# [TRY IT]
Print every line below without adding or leaving out a single word.
*** DATA SHOWN
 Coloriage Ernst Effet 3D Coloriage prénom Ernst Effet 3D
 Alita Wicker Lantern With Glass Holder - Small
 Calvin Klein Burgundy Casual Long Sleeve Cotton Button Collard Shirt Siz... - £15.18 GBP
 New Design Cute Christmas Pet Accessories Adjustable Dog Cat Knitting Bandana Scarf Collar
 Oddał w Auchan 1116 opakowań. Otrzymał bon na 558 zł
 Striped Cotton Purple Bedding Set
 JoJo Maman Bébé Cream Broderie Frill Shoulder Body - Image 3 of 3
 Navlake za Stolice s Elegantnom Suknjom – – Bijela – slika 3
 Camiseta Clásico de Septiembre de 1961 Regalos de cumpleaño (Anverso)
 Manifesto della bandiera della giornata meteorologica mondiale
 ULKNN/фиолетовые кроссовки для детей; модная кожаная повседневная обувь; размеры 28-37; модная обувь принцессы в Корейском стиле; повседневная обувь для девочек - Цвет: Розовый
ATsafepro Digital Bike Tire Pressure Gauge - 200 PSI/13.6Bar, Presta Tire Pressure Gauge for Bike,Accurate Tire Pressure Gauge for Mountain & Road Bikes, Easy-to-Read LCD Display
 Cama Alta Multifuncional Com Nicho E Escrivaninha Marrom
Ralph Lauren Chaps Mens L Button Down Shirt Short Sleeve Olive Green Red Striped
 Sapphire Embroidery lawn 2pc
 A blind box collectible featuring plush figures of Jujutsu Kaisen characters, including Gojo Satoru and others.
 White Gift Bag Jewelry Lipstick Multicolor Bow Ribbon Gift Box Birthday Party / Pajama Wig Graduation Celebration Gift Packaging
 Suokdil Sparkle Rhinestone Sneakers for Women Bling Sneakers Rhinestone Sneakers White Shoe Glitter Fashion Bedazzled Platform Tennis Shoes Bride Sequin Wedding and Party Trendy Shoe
******
# [YOUR SOLUTION]
 Coloriage Ernst Effet 3D Coloriage prénom Ernst Effet 3D
 Alita Wicker Lantern With Glass Holder - Small
 Calvin Klein Burgundy Casual Long Sleeve Cotton Button Collard Shirt Siz... - £15.18 GBP
 New Design Cute Christmas Pet Accessories Adjustable Dog Cat Knitting Bandana Scarf Collar
 Oddał w Auchan 1116 opakowań. Otrzymał bon na 558 zł
 Striped Cotton Purple Bedding Set
 JoJo Maman Bébé Cream Broderie Frill Shoulder Body - Image 3 of 3
 Navlake za Stolice s Elegantnom Suknjom – – Bijela – slika 3
 Camiseta Clásico de Septiembre de 1961 Regalos de cumpleaño (Anverso)
 Manifesto della bandiera della giornata meteorologica mondiale
 ULKNN/фиолетовые кроссовки для детей; модная кожаная повседневная обувь; размеры 28-37; модная обувь принцессы в Корейском стиле; повседневная обувь для девочек - Цвет: Розовый
ATsafepro Digital Bike Tire Pressure Gauge - 200 PSI/13.6Bar, Presta Tire Pressure Gauge for Bike,Accurate Tire Pressure Gauge for Mountain & Road Bikes, Easy-to-Read LCD Display
 Cama Alta Multifuncional Com Nicho E Escrivaninha Marrom
Ralph Lauren Chaps Mens L Button Down Shirt Short Sleeve Olive Green Red Striped
 Sapphire Embroidery lawn 2pc
 A blind box collectible featuring plush figures of Jujutsu Kaisen characters, including Gojo Satoru and others.
 White Gift Bag Jewelry Lipstick Multicolor Bow Ribbon Gift Box Birthday Party / Pajama Wig Graduation Celebration Gift Packaging
 Suokdil Sparkle Rhinestone Sneakers for Women Bling Sneakers Rhinestone Sneakers White Shoe Glitter Fashion Bedazzled Platform Tennis Shoes Bride Sequin Wedding and Party Trendy Shoe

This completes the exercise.